Alexandre Noll was born in Reims on May 19, 1890, to Alsatian parents. After his secondary education, he worked in weaving in Reims, and, although he always showed a keen interest in drawing, he became a bank employee.

His military service was followed by the war, which he spent in the Serbian army, in the East, from where he brought back countless sketches. Upon his return, he began to work with wood, with which engraving had already made him familiar. From 1920 to 1925, he turned umbrella and parasol handles, made engraved lamp bases... But at the same time, his personal research began. At the International Exhibition of 1925, he presented engraved lacquers, then exhibited at the Autumn Salon and the Decorative Artists Salons, and regularly presented his works at "La Cremaillere" since 1927. As early as 1935, his sculptural work was heralded with bowls, trays, and pitchers.

He participated in the 1937 Exhibition, played a significant role in the 1939 Decorators Salon. In 1943, his first pieces of furniture were presented at the French Arts Company. Since 1946, he has exhibited at the New Realities Salons, and the same year at Colette Allendy's.

In 1947, his first individual exhibition took place at the Pyramid, rue d'Artois, with furniture and sculptures; followed by one at La Gentilhommière; in 1950, he took part in the Milan Triennial, the Salon des Artistes Decorateurs, was invited to the exhibition "The Sculpture from Rodin to Our Days", at the Maison de la Pensée Française and, at the Pavillon de Marsan, at the "Table Arts" with significant participation at Jacques Adnet's stand. Finally, since 1950, he has participated in numerous exhibitions abroad: Munich, Madrid, Vienna, London, Varese, etc.

Alexandre Noll made wood his sole medium of expression. Nothing seemed to prepare him for it except for an instinctive understanding. Because he loves wood, is subject to its magnetic power, he respects its elemental force, and gradually his technique and art take on the character of an exclusive cult, involving the hand that carves, sculpts, polishes the wood, and the mind that conceives and organizes forms.

To achieve the daring freedom of expression of objects, furniture, and especially sculptures, it was necessary for Noll to reach this virtuosity, a means and not an end, which made him master of the material. The obscure works that necessity forced him to undertake at the beginning broke him in all the difficulties. Without any knowledge of the trade or the tools, he slowly apprenticed and thus learned to discover the virtues, beauties, reactions of different types of wood, rustic wood from our orchards or precious from tropical forests.

From then on, he treats them with a kind of fervor made of knowledge and love.

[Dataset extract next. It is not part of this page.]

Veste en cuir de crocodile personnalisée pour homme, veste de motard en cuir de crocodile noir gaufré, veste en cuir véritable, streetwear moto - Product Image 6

The first objects - trays, bowls, pitchers, and even boxes and salt shakers are already potential sculptures and to make his furniture, carved from logs and trays, with organic assemblies, without glue or any addition of metal, inspired by the constructive logic of nature, Noll knows no other laws than complete submission to this force that springs from the earth, whose secret beauty he tirelessly seeks to exalt. Noll's art is both objective and abstract; all his work responds to a spiritual necessity.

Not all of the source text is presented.